Exercise
Repeat the lines of the data exactly and exclude any picture among them.

● ● ● ●

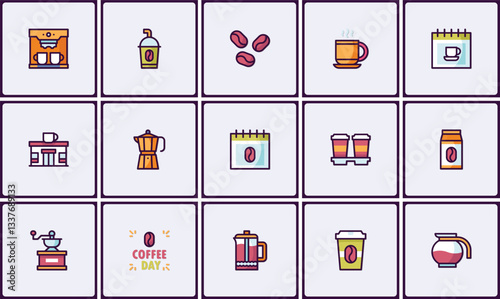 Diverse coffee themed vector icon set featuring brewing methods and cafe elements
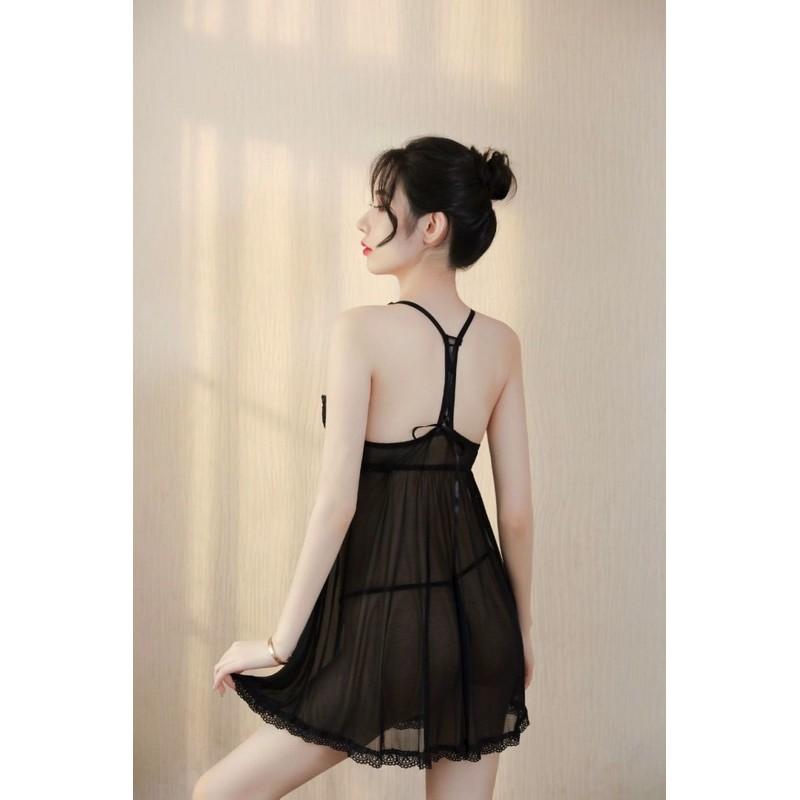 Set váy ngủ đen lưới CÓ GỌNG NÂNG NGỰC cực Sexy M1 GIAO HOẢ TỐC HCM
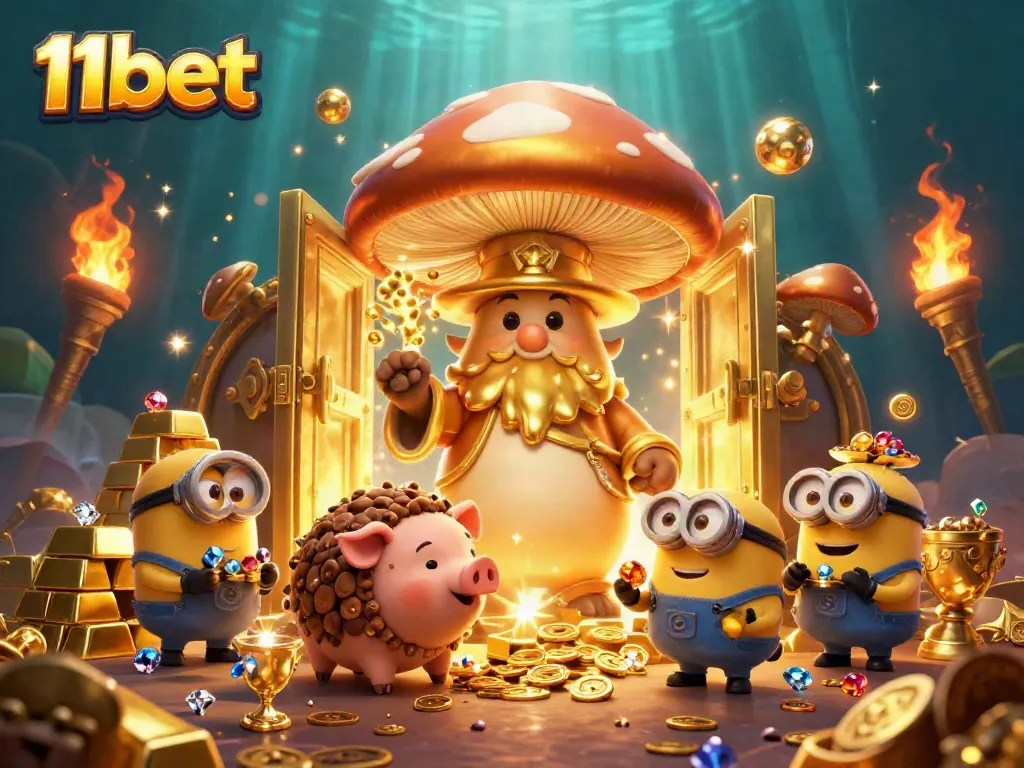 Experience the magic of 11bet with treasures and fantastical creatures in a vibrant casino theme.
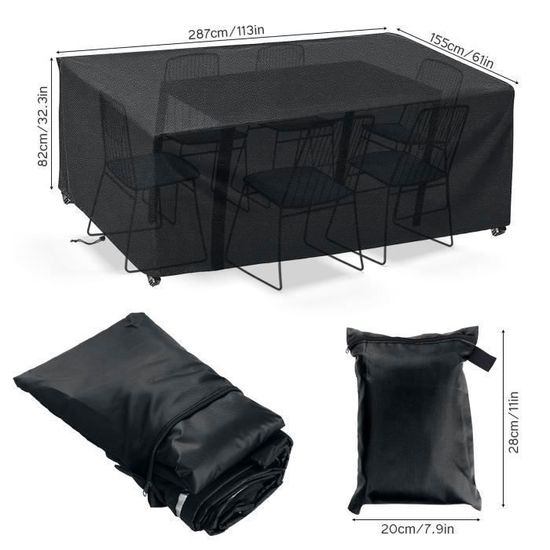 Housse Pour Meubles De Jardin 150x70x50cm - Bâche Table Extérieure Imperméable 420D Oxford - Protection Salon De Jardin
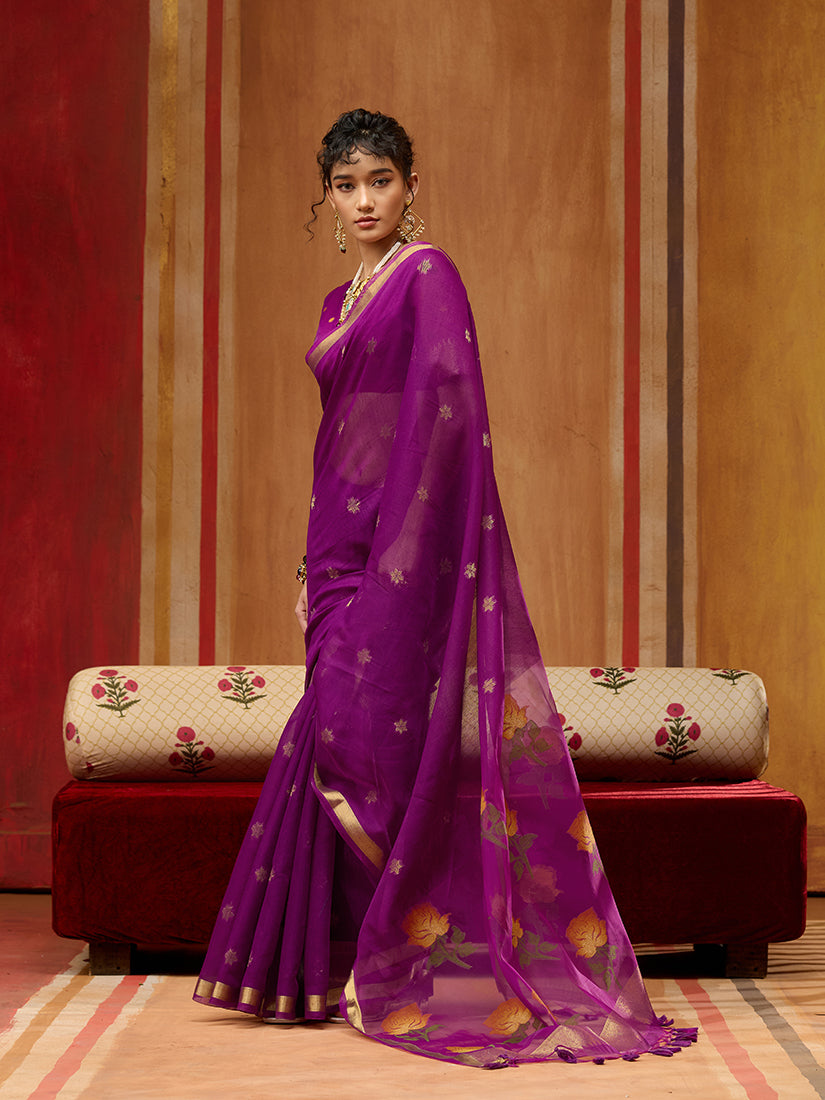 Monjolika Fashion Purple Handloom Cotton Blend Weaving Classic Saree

● ● ● ●

Output of the exercise
 Diverse coffee themed vector icon set featuring brewing methods and cafe elements
 Set váy ngủ đen lưới CÓ GỌNG NÂNG NGỰC cực Sexy M1 GIAO HOẢ TỐC HCM
 Experience the magic of 11bet with treasures and fantastical creatures in a vibrant casino theme.
 Housse Pour Meubles De Jardin 150x70x50cm - Bâche Table Extérieure Imperméable 420D Oxford - Protection Salon De Jardin
 Monjolika Fashion Purple Handloom Cotton Blend Weaving Classic Saree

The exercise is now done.